I'm trying to extract combined data intervals based on a time series in scala and spark
I have the following data in a dataframe:
Id | State | StartTime | EndTime
---+-------+---------------------+--------------------
1 | R | 2019-01-01T03:00:00 | 2019-01-01T11:30:00
1 | R | 2019-01-01T11:30:00 | 2019-01-01T15:00:00
1 | R | 2019-01-01T15:00:00 | 2019-01-01T22:00:00
1 | W | 2019-01-01T22:00:00 | 2019-01-02T04:30:00
1 | W | 2019-01-02T04:30:00 | 2019-01-02T13:45:00
1 | R | 2019-01-02T13:45:00 | 2019-01-02T18:30:00
1 | R | 2019-01-02T18:30:00 | 2019-01-02T22:45:00
I need to extract the data into time intervals based on the id and state.

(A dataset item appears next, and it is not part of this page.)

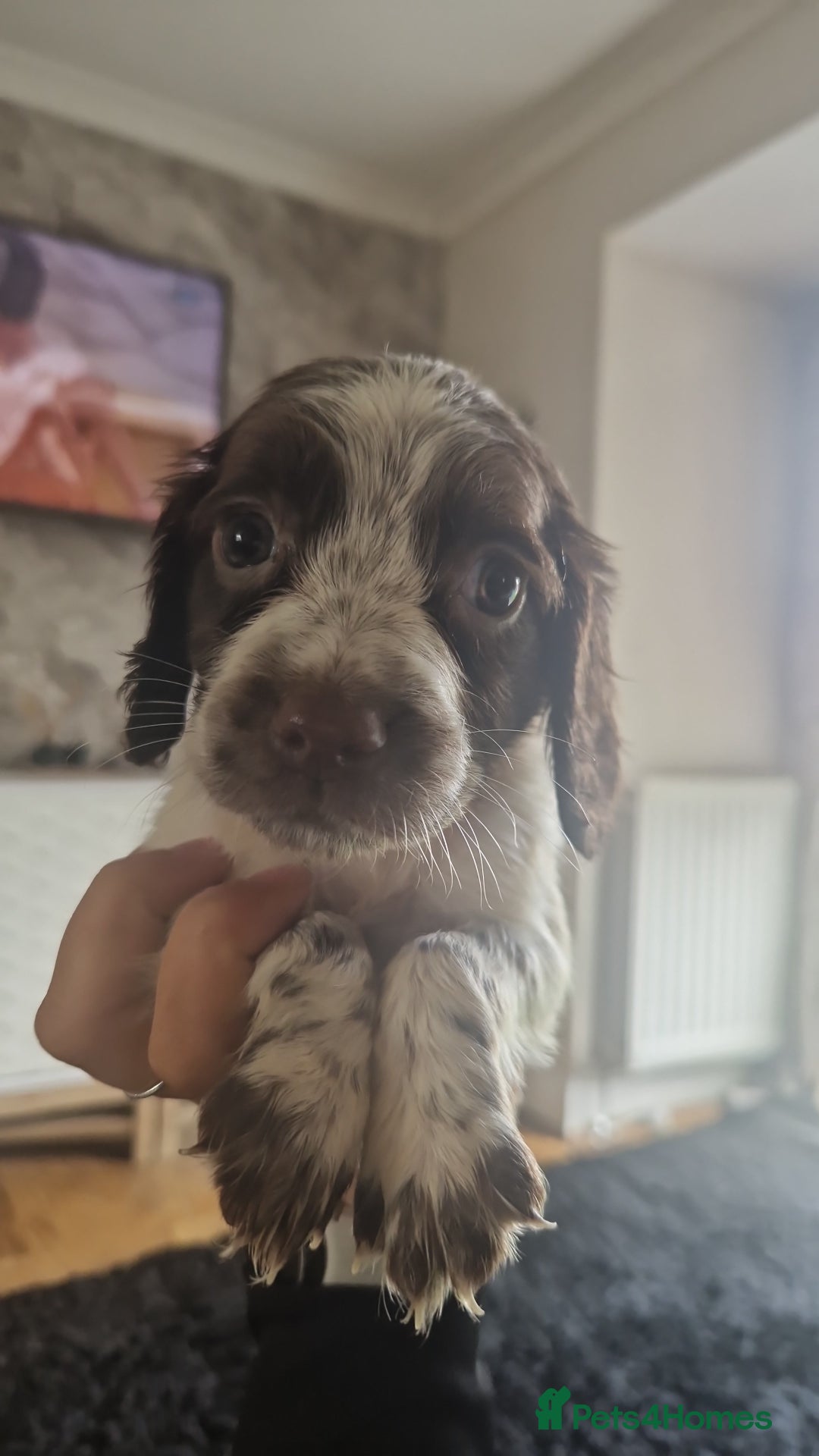 Sprocker dogs for sale: Beautiful litter of sprocker puppies - Image 39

The resulting data needs to look like:
Id | State | StartTime | EndTime
---+-------+---------------------+--------------------
1 | R | 2019-01-01T03:00:00 | 2019-01-01T22:00:00
1 | W | 2019-01-01T22:00:00 | 2019-01-02T13:45:00
1 | R | 2019-01-02T13:45:00 | 2019-01-02T22:45:00
Note that the first three records have been grouped together because the equipment is contiguously in an R state from 2019-01-01T03:00:00 to 2019-01-01T22:00:00, then it switches to a W state for the next two records from 2019-01-01T22:00:00 to 2019-01-02T13:45:00and then back to an R state for the last two records.